Nothing to do with heap and stack. Your own example has everything on the stack and nothing on the heap.
As for which is faster; I expect the key here would be whether or not the object is in the cache or if a call has to go all the way out to the RAM. What puts an object in the cache is when you last used it, or if it happens to be next to something you recently used.
Enter your code into godbolt and see what the assembly looks like for . vs. ->, but in terms of speed this kind of micro-optimisation is basically 100% meaningless.
Yes, micro-optimisation is meaningless at this level; but do you think at a lower level such as embedded, Raspberry Pi etc., such micro optimizations are amplified into real factors? I don't know. Thanks for the godbolt referral.
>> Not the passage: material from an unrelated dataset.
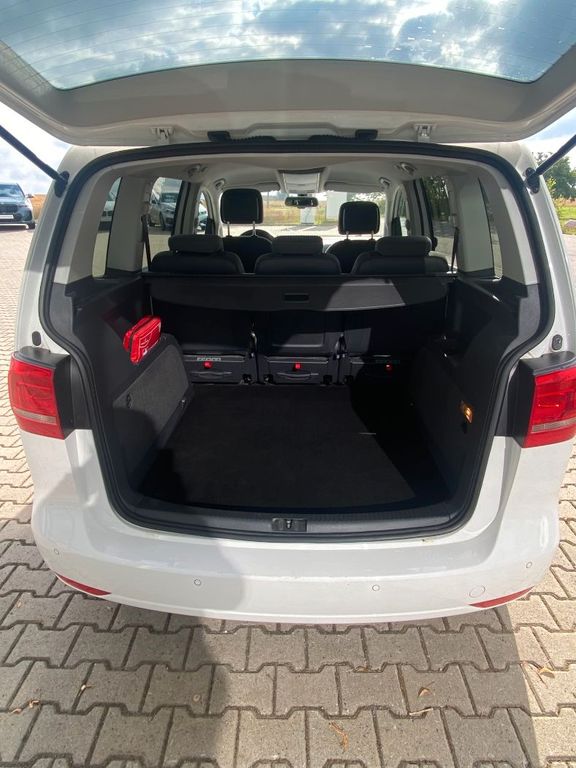 VW Touran 1.6 TDI Life BMT, Bild 5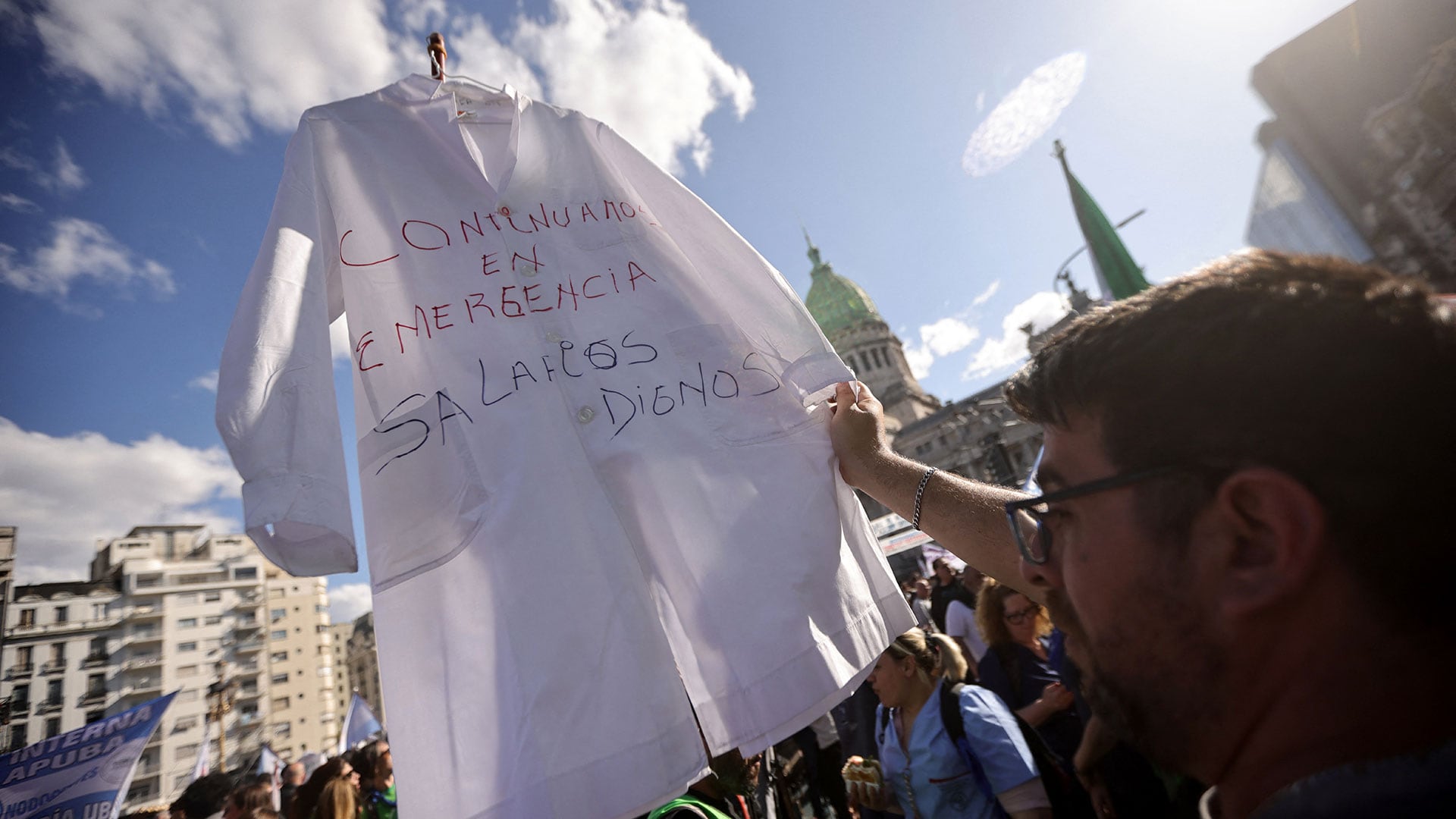 Protesta en las inmediaciones del Congreso por salarios universitarios (Emiliano Lasalvia / AFP)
If you're dereferencing a pointer, there is one extra step; reading that pointer. So by using a pointer you have created that extra step. How long will it take to read that pointer? Depends where it is. Register is faster than cache is faster than slower cache is faster than RAM. Depending on what you're doing, the time taken to access an object can be hundreds of times faster if you code carefully. I suppose it might be possible to sprinkle your pointers all over the memory so that you've deliberately made it expensive to read them, but that's hardly a fair test. The answer is still basically no.
do you think [sometimes] such micro optimizations are amplified into real factors
The answer is "rarely". In any event, it's mostly the compiler's job to micro-optimize.
IOW, the cases where micro-optimizations will introduce a benefit sufficient to solve the problem (i.e., to meet a unsatisfied design constraint) are so rare that there is no point in making such changes until you have measured.
Example:
You've written your code with the best known algorithm & data structures, your problem cannot be simplified any more, purchasing better hardware is not feasible, and your program consistently executes at only n < 100 percent of the required speed. In a case like this, maybe you could profile your code and optimize a hot inner loop somewhere and not be wasting your time.
Remember: programmer time is expensive; computer time is cheap. Write your code for strict correctness and readability, and your programs will usually perform well for free, and require only a fraction of the programmer time that a "clever" solution would.